Having dead reference is not the end of the world if you plan to scale back up later.
x
the rebalance operations put the segments back on my dead servers
and i can’t drop the dead servers because
Copy code
{
  "code": 409,
  "error": "Failed to drop instance Server_pinot-server-1.pinot-server-headless.pinot.svc.cluster.local_8098 - Instance Server_pinot-server-1.pinot-server-headless.pinot.svc.cluster.local_8098 exists in ideal state for events-10-partitions_OFFLINE"
}
am i missing something here?
d
Sounds like cleaning dead references from the ideal state is a prerequisite to rebalance.
x
its not obvious to me which api i should use to clean dead references
so i saw is that IdealState is a helix concept, and i can probably update the zookeeper znode that stores the idealstate to remove the dead servers. is this the recommended way?
alright so what it took was for me to 1. update (remove) the tags of the dead servers/brokers so that they are no longer tagged to a tenant 2. rebalance the segments thanks @Daniel Lavoie!
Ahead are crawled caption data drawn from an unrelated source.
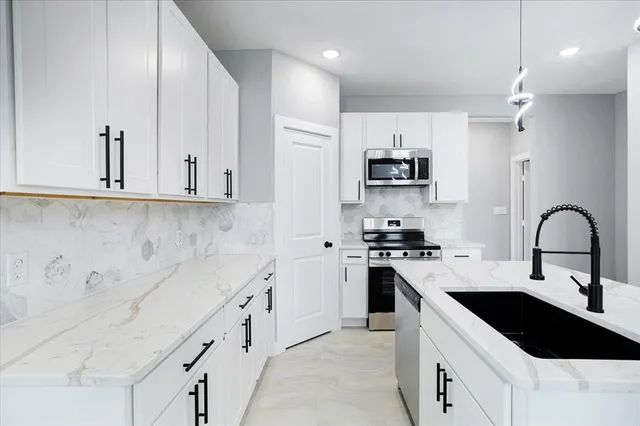 a kitchen with granite countertop a sink stove and cabinets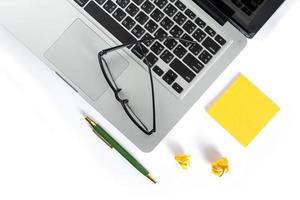 Isolated computer desktop with glasses pen and notepad on white background photo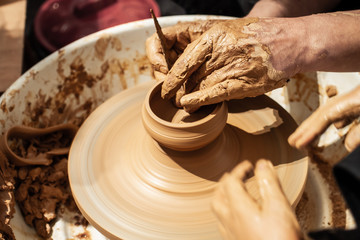 Expert potter teach a child to work on potter wheel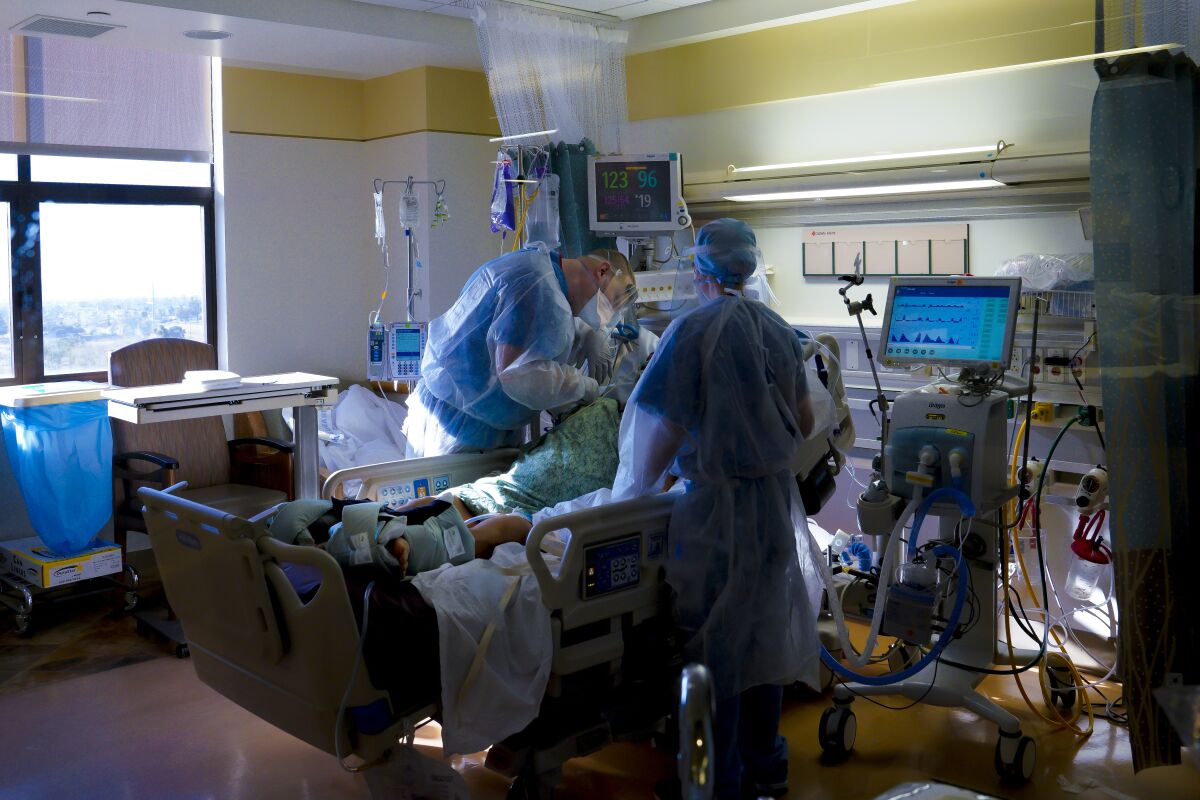 Two nurses tend to a patient in the intensive care unit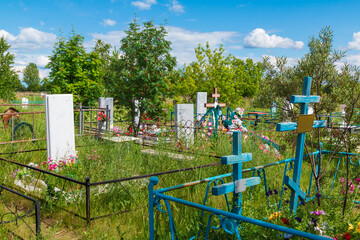 Wide shot of graves and trees in the Zaykovskoye Cemetery in sunny summer day, Kurgan, Russia
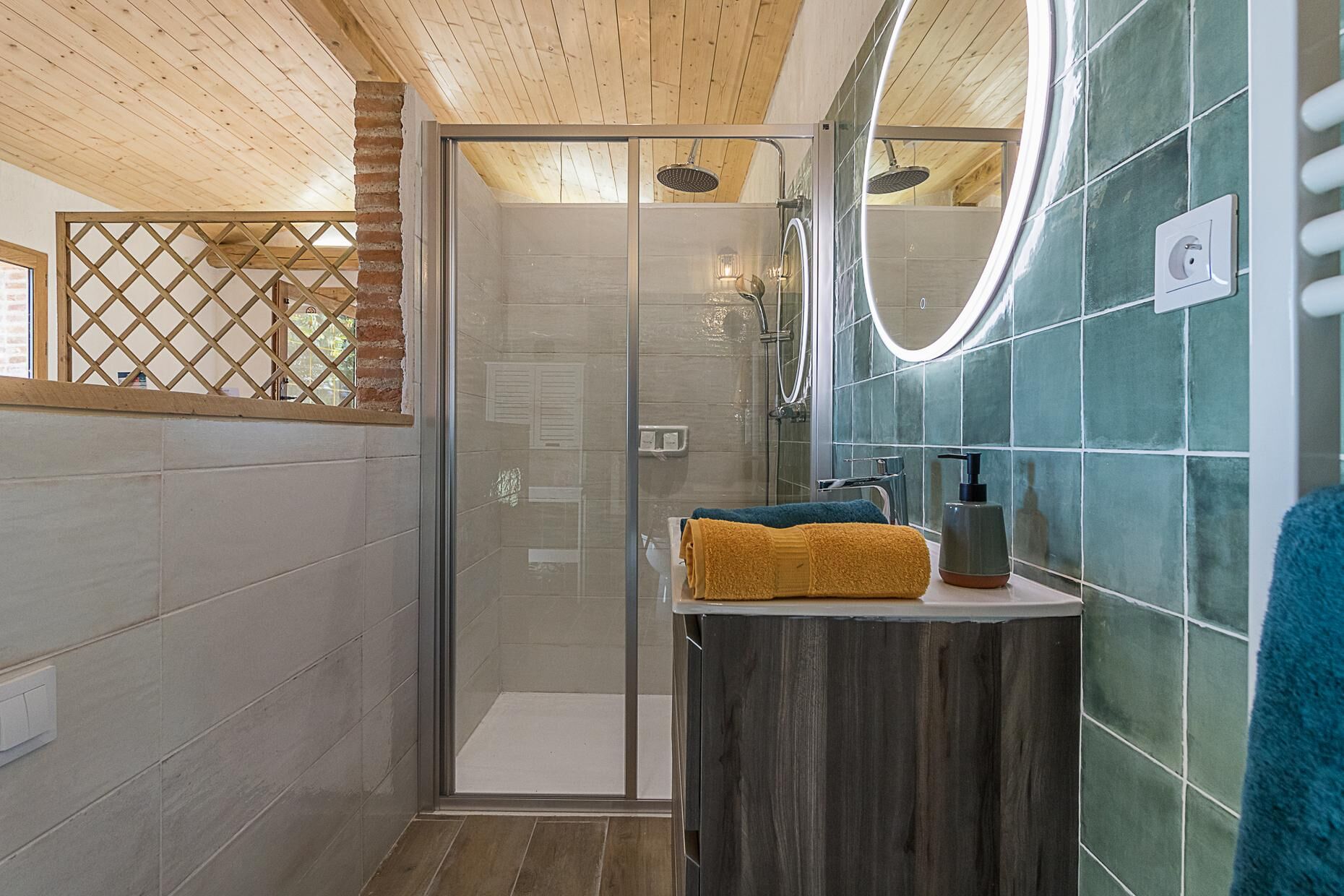 A modern bathroom with a glass shower enclosure, a wooden ceiling, and a tiled wall with a green accent.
@Daniel Lavoie would it be useful if i updated the doc here? https://docs.pinot.apache.org/basics/getting-started/frequent-questions/pinot-on-kubernetes-faq or do you think that the notes on capacity changes here: https://docs.pinot.apache.org/operators/operating-pinot/rebalance/rebalance-brokers#capacity-changes would be sufficient?
k
@xtrntr to me it seems like latter would be a good place to add this information but will let @Daniel Lavoie also chime in. Thanks for helping with documentation update.